La danseuse allemande offre un spectacle ce dimanche 22 novembre à Douala. Entretien

Regina vous êtes porteuse d’un projet qui s’intitule Performance de danse Butô, pouvez-vous le présenter?
La danse butô c’est une nouvelle tendance dans les arts théâtraux. C’est un art d’avant-garde qui est né au Japon dans les années 60, qui se répand dans le monde comme une proposition alternative de l’expression du corps te de l’esprit libre, dans l’espace quotidien des gens. Moi j’emmène cet art depuis 5 ans en Afrique, en travaillant sur le thème de l’espace en air libre, sur le thème de l’eau qui symbolise la fluidité, la grâce, la pierre qui symbolise la force, la stabilité et l’esprit libre.

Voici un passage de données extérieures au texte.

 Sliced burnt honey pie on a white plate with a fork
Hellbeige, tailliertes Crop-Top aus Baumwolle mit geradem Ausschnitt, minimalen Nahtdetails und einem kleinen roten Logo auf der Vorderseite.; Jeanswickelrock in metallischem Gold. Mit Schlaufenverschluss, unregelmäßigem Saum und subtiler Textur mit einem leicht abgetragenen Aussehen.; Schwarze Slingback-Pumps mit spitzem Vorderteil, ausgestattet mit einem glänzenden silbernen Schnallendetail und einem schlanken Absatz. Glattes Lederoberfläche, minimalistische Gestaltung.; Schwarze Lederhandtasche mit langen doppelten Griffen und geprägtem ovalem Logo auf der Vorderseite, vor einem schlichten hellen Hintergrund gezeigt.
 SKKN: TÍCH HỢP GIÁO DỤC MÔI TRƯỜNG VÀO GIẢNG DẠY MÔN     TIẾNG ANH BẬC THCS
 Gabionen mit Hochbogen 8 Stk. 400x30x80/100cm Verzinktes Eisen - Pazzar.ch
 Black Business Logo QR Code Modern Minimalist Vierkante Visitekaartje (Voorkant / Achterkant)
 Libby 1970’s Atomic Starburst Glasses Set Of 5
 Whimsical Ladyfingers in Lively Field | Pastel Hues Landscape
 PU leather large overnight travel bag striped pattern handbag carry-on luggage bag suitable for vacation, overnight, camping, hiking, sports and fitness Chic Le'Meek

L’idée c’est de créer la rencontre entre les gens d’une région ou d’une ville et de faire participer au processus créatif pendant quatre semaines lors de cette phase de préparation avant l’évènement, de les inviter personnellement et leur expliquer pourquoi une étrangère, faisant quelque chose de visiblement étrange est actuellement ici au Cameroun et s’entraîne tous les jours au bord du fleuve Wouri. La deuxième rencontre est lors de la performance, la troisième c’est après la performance avec une discussion et la quatrième rencontre c’est le stage d’initiation à la danse Butô pour la jeune génération de Douala ou d’autres curieux. Depuis 2005 je suis passé au Maroc, en Gambie, Sénégal, Guinée Bissau et Conakry, Mauritanie, Ghana, Togo, Bénin et cette année le Cameroun et le Gabon après.

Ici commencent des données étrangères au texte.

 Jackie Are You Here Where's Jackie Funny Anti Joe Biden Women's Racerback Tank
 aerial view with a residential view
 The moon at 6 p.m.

Sur quoi se fonde le choix de l’Afrique dans tout cela?
Il y a différentes raisons. J’ai toujours été intéressé par l’égalité entre les peuples, la paix et l’harmonie. J’ai d’ailleurs longuement étudié la science politique pour ces raisons là, j’ai entamé un doctorat mais je ne me voyais pas enfermé dans une salle de recherche ayant devant moi le même public ; J’ai aussi longuement pratiquer la danse africaine avec une kenyane à paris, c’est la deuxième chose, la troisième c’est la rencontre avec la création contemporaine africaine à paris qui m’a fasciné, toutes ces interrogations sur l’identité. J’ai rencontré la dans Butô en 1996 et elle m’a profondément ému, car rassemblait trois éléments essentiels dans ma vie, la paix, la rencontre dans l’espace libre et l’expression du corps. Donc il s’agit de dépasser certaines frontières, parce que la terre d’ici c’est la même que celle de là-bas, l’eau du fleuve coule ici comme il coule dans d’autres fleuves. Pour la jeune génération il s’agit de se mettre en marche et créer la rencontre entre les peuples, comme disait Senghor, de permettre la rencontre entre les peuples de façon paisible à travers l’art et la culture.

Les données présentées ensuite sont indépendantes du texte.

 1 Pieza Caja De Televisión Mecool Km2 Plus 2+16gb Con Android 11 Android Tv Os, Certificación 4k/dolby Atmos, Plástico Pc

Vous l’avez dit, c’est une danse qui n’est pas de salle, elle a lieu en plein air, comment votre public l’appréhende jusqu’à présent?
Le public est extrêmement réceptif, très curieux, et souvent les gens sont très fier que quelqu’un vienne dans leur espace vie faire quelque chose d’inconnu, qu’on leur offre à découvrir, qu’ils sont libre de circuler et pour la performance les gens vont devoir faire une petite marche ensemble, ce qui permet aussi la rencontre entre les gens qui ne se sont jamais rencontré. Donc il y a aussi cette idée là d’activer le public et de lui offrir une possibilité de vivre aussi ce qu’il voit.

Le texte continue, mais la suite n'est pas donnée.